Investing.com - Natural gas futures plunged on Thursday, falling to the lowest levels of the session after data showed a surprise buildup in U.S. supplies in storage last week.
U.S. natural gas futures sank 14.0 cents, or around 4.8%, to $2.781 per million British thermal units by 10:40AM ET (1540GMT), after hitting their lowest level since Aug. 7 at $2.768. Futures were at around $2.790 prior to the release of the supply data.
The U.S. Energy Information Administration said in its weekly report that natural gas storage in the U.S. rose by 2 billion cubic feet (bcf) in the week ended Dec. 1, confounding forecasts for a withdrawal of 7 bcf.
That compared with a drop of 33 bcf in the preceding week, a fall of 42 bcf a year earlier and a five-year average decline of 69 bcf.

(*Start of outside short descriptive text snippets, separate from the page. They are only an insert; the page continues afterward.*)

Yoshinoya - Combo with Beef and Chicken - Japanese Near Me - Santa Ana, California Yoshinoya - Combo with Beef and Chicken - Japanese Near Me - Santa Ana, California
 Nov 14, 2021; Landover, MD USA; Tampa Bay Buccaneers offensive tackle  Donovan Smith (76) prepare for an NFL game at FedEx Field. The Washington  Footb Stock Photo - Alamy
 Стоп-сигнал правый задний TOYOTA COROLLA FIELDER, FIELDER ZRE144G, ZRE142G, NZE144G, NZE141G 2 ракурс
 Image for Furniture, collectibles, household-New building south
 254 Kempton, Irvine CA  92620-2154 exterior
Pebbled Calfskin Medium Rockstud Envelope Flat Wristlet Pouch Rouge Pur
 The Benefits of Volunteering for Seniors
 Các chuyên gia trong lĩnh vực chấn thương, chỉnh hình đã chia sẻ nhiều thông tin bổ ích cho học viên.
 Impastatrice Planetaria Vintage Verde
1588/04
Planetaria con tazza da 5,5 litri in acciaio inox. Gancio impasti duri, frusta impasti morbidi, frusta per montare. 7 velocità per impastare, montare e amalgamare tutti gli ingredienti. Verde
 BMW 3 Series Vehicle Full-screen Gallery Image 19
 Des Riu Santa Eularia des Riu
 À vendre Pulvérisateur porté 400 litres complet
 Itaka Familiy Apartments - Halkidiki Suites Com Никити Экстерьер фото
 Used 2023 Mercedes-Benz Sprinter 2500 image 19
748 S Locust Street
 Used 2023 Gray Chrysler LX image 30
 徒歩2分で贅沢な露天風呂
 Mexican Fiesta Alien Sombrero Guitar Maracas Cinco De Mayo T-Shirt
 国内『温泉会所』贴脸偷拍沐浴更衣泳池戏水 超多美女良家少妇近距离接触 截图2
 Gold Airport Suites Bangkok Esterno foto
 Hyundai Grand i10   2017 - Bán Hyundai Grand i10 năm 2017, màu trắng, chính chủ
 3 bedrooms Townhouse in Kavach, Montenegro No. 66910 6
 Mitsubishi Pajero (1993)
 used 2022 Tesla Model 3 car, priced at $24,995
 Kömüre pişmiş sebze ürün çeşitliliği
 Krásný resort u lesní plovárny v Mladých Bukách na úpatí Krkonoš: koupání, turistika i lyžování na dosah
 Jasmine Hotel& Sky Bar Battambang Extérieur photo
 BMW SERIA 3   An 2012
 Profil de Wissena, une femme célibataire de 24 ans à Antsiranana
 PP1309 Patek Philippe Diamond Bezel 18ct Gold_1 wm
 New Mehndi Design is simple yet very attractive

Total natural gas in storage currently stands at 3.695 trillion cubic feet (tcf), according to the U.S. Energy Information Administration. That figure is 264 bcf, or around 6.6%, lower than levels at this time a year ago and 36 bcf, or roughly 1%, below the five-year average for this time of year.
Analysts estimated the amount of gas in storage would end the April-October injection season at 3.8 tcf due primarily to higher liquefied natural gas shipments abroad. That would fall short of the year-earlier record of 4.0 tcf and the five-year average of 3.9 tcf.
Futures notched a minor gain of 0.3% on Wednesday, as market players continued to monitor winter weather forecasts to gauge demand for the fuel.
Natural gas futures have closely tracked weather forecasts in recent weeks, as traders try to gauge the impact of shifting outlooks on early-winter heating demand.
Prices of the fuel typically rise ahead of the winter as colder weather sparks heating demand. The heating season from November through March is the peak demand period for U.S. gas consumption.